The Need for Jeed(Technical)
22 min read
To kick off a series of essays describing my course systems and infrastructure, there’s really only one place to start: Jeed, our fast Java and Kotlin execution and source analysis toolkit. Jeed was one of the first serious pieces of courseware that I started working on, and has the most intersection with the other tools and systems that we use today in my courses. Jeed is also by far the most mature—with almost 700 test cases and almost three years of semi-continuous development and almost 1000 commits behind it.
So let’s discuss the need for Jeed(1).
Let me start by pointing out two things. First, Jeed has sprawled from its original goals into a gathering point for a lot of generally-useful tools and functionality, particularly for source analysis and manipulation. Jeed now contains methods for counting non-commenting lines of source code, detecting bad words in student submissions, computing cyclomatic complexity, identifying syntactic features, and performing source-level mutation of Java and Kotlin code.
Many of these capabilities are interesting and important.
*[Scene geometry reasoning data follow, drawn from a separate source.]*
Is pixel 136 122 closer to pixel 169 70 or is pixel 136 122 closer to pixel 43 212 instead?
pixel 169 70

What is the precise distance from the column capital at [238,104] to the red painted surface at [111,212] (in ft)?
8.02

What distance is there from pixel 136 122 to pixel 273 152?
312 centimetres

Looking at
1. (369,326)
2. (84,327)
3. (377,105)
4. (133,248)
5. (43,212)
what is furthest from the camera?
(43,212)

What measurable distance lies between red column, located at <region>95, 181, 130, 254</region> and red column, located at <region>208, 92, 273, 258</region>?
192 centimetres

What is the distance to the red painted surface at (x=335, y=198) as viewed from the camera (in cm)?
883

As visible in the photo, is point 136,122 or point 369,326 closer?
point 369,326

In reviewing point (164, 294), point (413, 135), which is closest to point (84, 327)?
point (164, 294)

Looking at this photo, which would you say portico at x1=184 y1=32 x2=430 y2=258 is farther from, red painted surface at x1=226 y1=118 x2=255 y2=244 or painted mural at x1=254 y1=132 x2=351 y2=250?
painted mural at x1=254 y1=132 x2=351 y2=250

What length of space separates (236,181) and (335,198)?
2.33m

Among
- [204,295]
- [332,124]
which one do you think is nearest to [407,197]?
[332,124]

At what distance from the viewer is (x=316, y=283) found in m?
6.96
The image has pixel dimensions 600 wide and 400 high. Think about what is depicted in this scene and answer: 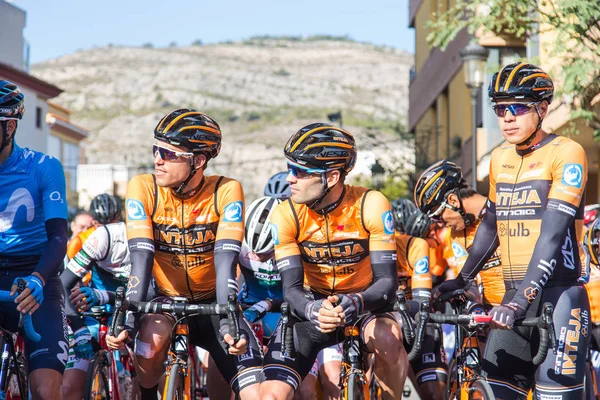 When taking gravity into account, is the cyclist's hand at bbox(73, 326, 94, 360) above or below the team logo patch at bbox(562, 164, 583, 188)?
below

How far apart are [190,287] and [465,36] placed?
2549 centimetres

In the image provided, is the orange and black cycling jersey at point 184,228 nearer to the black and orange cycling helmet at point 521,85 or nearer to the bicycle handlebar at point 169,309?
the bicycle handlebar at point 169,309

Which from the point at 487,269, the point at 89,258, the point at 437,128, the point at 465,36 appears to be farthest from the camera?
the point at 437,128

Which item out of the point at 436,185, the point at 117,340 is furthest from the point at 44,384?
the point at 436,185

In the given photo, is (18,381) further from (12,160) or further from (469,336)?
(469,336)

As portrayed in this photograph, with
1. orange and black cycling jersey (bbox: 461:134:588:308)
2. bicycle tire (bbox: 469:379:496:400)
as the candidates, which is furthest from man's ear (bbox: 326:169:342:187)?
bicycle tire (bbox: 469:379:496:400)

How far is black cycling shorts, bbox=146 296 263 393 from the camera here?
7.20 meters

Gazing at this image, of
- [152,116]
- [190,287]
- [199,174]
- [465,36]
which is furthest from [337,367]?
[152,116]

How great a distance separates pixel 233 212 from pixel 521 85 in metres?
2.21

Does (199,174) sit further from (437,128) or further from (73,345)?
(437,128)

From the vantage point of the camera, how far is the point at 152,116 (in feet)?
547

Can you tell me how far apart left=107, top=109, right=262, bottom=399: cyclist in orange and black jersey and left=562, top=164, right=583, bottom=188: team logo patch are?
7.51 ft

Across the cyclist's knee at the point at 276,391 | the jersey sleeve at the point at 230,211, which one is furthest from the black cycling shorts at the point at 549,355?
the jersey sleeve at the point at 230,211

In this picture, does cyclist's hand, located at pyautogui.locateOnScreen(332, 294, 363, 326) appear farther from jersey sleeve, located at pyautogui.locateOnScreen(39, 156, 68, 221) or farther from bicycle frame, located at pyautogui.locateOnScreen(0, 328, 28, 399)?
bicycle frame, located at pyautogui.locateOnScreen(0, 328, 28, 399)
But I’m going to focus here on the original goal of Jeed, the most interesting bit, and the place where we’ve invested the most technical effort: safely and quickly executing untrusted Java bytecode. Jeed is a portmanteau of Java and speed, and, as the title of this essay hints, speed turns out to be a pretty important design goal, in ways that I’ll discuss below.
Second, while I’ve independently built and maintain a great deal of my own courseware, Jeed has benefited from contributions from multiple students. Ben Clarage and Hania Dziurdzik contributed to Jeed’s feature analysis and mutation capabilities.
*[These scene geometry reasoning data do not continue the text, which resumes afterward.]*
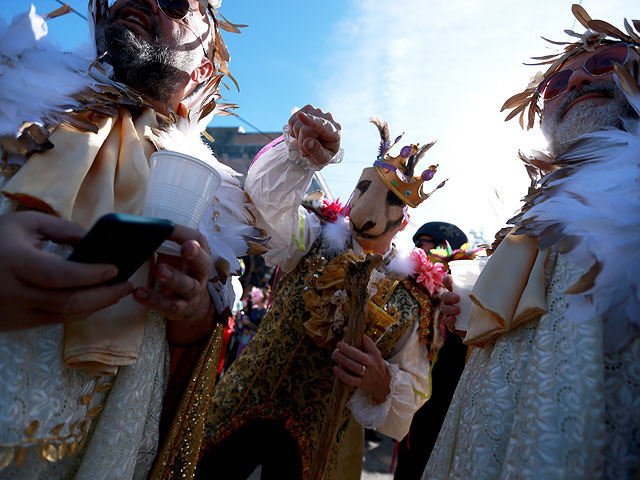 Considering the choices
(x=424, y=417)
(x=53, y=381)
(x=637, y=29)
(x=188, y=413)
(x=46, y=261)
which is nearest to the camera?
(x=46, y=261)

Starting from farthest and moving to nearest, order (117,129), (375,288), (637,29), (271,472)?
(375,288)
(271,472)
(637,29)
(117,129)

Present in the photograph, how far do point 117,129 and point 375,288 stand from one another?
149cm

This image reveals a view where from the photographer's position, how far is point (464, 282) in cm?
195

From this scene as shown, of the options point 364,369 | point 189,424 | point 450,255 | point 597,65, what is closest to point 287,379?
point 364,369

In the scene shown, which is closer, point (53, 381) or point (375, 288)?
point (53, 381)

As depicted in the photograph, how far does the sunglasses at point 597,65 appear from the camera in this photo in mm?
1563

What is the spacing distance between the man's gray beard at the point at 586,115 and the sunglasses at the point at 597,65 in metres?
0.07

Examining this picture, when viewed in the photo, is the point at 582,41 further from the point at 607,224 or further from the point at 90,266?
the point at 90,266

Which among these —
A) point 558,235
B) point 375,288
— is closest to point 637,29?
point 558,235

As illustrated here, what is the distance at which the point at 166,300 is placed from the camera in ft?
3.31

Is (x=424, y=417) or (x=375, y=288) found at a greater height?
(x=375, y=288)

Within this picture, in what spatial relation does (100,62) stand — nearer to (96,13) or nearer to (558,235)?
(96,13)

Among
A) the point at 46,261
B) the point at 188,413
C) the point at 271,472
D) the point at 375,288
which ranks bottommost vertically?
the point at 271,472

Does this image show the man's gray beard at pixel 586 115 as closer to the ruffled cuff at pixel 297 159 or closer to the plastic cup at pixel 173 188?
the ruffled cuff at pixel 297 159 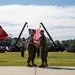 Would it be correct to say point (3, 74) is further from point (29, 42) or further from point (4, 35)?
point (4, 35)

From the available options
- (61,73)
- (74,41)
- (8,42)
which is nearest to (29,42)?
(61,73)

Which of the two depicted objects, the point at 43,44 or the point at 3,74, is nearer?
the point at 3,74

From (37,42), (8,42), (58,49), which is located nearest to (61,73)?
(37,42)

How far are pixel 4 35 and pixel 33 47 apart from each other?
12846 mm

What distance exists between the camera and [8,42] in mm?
156625

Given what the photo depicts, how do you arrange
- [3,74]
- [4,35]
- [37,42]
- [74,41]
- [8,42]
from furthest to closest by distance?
[74,41] < [8,42] < [4,35] < [37,42] < [3,74]

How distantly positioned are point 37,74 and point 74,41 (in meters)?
168

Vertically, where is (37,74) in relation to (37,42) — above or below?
below

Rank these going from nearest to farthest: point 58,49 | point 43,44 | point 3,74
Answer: point 3,74, point 43,44, point 58,49

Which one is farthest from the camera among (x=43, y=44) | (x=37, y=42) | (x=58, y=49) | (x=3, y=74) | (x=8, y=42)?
(x=8, y=42)

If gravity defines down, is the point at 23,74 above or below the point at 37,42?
below

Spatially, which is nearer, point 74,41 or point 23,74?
point 23,74

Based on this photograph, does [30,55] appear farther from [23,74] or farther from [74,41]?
[74,41]

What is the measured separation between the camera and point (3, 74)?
1430 centimetres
But the person who has had a real significant impact on Jeed—and, through his work, on CS 124 and
learncs.online—is Ben Nordick.
His knowledge of Java internals and bytecode far outstrips my own, and I’m not sure that I would have ever been willing to develop such a deep expertise in that area.
So it’s safe to say that, without Ben’s contributions, Jeed would not exist.
And without Jeed, my courses would not exist in their present form.
It’s been a game changer.
To avoid stealing Ben’s thunder and also making this essay far too technical, I’m going to only hint at some of the bytecode magic used to achieve what we’ve accomplished. I hope Ben writes up a detailed description himself sometime. I’d love to read it.
Like many interesting tools, Jeed began as a solution to a problem.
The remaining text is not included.